Generalmente cuando el historiador selecciona un objeto de investigación, un tema determinado, no siempre lo hace por un problema de divertimento, porque le guste, también en ocasiones busca algunas coordenadas de inquietudes de su presente en el pasado. Claro que es imposible encontrar en tiempos pretéritos todas las posibilidades de interpretación de lo que pasa en el presente. Ahora bien, un enfoque procesual nos lleva a revelar ciertas coordenadas que en su devenir complejo llegan hasta el presente. Si recurrimos a un hecho histórico, y nos quedamos solamente en la investigación del acontecimiento, nos resultaría más difícil encontrar claves que permitan entender el presente.
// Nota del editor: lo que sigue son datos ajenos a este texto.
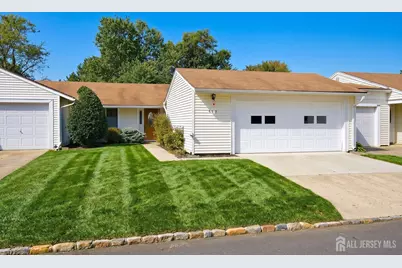 55 Juniper Plaza #55B, Monroe Township, NJ 08831 - Photo 17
En la medida en que el historiador, preocupado por su presente, indague en el pasado para entender el funcionamiento de una sociedad pretérita a partir de los debates de ideas, de las preocupaciones de los hombres y mujeres de otros tiempos, en mejores condiciones estará de entender cómo acontece el devenir. En mi caso particular que trabajo la historia de las ideas y del pensamiento, valoro mucho estas líneas de investigación, en modo alguno circunscritas a un tipo de historia: política, económica, social, cultural, te diría que tiene que ver con todas ellas y de manera articuladas.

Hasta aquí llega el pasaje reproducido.